• EXERCISE DESCRIPTION
From the line that contains "ثوم مايونيز" to the last line of the records below, copy everything exactly, both ends included.
::::::::
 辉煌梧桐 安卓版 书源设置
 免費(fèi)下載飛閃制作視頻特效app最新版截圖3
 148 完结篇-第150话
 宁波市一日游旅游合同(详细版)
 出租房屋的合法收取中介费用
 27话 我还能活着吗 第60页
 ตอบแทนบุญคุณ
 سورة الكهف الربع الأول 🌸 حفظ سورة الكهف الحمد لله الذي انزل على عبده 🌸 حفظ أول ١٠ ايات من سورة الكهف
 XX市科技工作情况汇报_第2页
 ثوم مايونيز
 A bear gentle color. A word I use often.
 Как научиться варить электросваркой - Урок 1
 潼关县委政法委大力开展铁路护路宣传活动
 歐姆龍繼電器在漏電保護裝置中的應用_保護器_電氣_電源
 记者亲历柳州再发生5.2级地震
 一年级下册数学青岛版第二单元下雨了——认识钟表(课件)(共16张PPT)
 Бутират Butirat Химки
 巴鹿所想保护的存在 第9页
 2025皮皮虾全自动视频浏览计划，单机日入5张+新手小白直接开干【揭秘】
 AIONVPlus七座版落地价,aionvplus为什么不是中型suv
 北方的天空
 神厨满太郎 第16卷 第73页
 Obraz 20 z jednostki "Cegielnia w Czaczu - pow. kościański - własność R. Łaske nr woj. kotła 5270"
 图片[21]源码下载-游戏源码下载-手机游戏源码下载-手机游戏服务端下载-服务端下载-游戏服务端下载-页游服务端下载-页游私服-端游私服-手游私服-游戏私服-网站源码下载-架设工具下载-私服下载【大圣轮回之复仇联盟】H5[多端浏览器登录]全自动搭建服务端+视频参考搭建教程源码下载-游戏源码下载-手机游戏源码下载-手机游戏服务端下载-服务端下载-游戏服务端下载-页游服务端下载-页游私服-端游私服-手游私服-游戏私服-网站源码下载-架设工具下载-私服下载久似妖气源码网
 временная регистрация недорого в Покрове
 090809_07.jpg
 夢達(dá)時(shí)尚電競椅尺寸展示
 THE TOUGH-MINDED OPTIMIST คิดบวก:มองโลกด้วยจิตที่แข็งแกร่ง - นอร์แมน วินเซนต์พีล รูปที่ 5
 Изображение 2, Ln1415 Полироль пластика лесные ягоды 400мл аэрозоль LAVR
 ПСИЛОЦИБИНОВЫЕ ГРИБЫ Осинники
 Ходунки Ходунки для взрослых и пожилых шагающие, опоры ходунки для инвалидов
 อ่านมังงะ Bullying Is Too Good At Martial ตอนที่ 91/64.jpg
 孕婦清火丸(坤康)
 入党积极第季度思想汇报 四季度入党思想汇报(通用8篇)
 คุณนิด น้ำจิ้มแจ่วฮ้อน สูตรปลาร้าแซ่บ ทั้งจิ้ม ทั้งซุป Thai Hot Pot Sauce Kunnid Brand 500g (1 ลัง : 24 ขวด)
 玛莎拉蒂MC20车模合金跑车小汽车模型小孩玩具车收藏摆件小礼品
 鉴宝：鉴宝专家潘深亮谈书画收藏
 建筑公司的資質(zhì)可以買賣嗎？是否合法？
::::::::
• SOLUTION TO THE EXERCISE
 ثوم مايونيز
 A bear gentle color. A word I use often.
 Как научиться варить электросваркой - Урок 1
 潼关县委政法委大力开展铁路护路宣传活动
 歐姆龍繼電器在漏電保護裝置中的應用_保護器_電氣_電源
 记者亲历柳州再发生5.2级地震
 一年级下册数学青岛版第二单元下雨了——认识钟表(课件)(共16张PPT)
 Бутират Butirat Химки
 巴鹿所想保护的存在 第9页
 2025皮皮虾全自动视频浏览计划，单机日入5张+新手小白直接开干【揭秘】
 AIONVPlus七座版落地价,aionvplus为什么不是中型suv
 北方的天空
 神厨满太郎 第16卷 第73页
 Obraz 20 z jednostki "Cegielnia w Czaczu - pow. kościański - własność R. Łaske nr woj. kotła 5270"
 图片[21]源码下载-游戏源码下载-手机游戏源码下载-手机游戏服务端下载-服务端下载-游戏服务端下载-页游服务端下载-页游私服-端游私服-手游私服-游戏私服-网站源码下载-架设工具下载-私服下载【大圣轮回之复仇联盟】H5[多端浏览器登录]全自动搭建服务端+视频参考搭建教程源码下载-游戏源码下载-手机游戏源码下载-手机游戏服务端下载-服务端下载-游戏服务端下载-页游服务端下载-页游私服-端游私服-手游私服-游戏私服-网站源码下载-架设工具下载-私服下载久似妖气源码网
 временная регистрация недорого в Покрове
 090809_07.jpg
 夢達(dá)時(shí)尚電競椅尺寸展示
 THE TOUGH-MINDED OPTIMIST คิดบวก:มองโลกด้วยจิตที่แข็งแกร่ง - นอร์แมน วินเซนต์พีล รูปที่ 5
 Изображение 2, Ln1415 Полироль пластика лесные ягоды 400мл аэрозоль LAVR
 ПСИЛОЦИБИНОВЫЕ ГРИБЫ Осинники
 Ходунки Ходунки для взрослых и пожилых шагающие, опоры ходунки для инвалидов
 อ่านมังงะ Bullying Is Too Good At Martial ตอนที่ 91/64.jpg
 孕婦清火丸(坤康)
 入党积极第季度思想汇报 四季度入党思想汇报(通用8篇)
 คุณนิด น้ำจิ้มแจ่วฮ้อน สูตรปลาร้าแซ่บ ทั้งจิ้ม ทั้งซุป Thai Hot Pot Sauce Kunnid Brand 500g (1 ลัง : 24 ขวด)
 玛莎拉蒂MC20车模合金跑车小汽车模型小孩玩具车收藏摆件小礼品
 鉴宝：鉴宝专家潘深亮谈书画收藏
 建筑公司的資質(zhì)可以買賣嗎？是否合法？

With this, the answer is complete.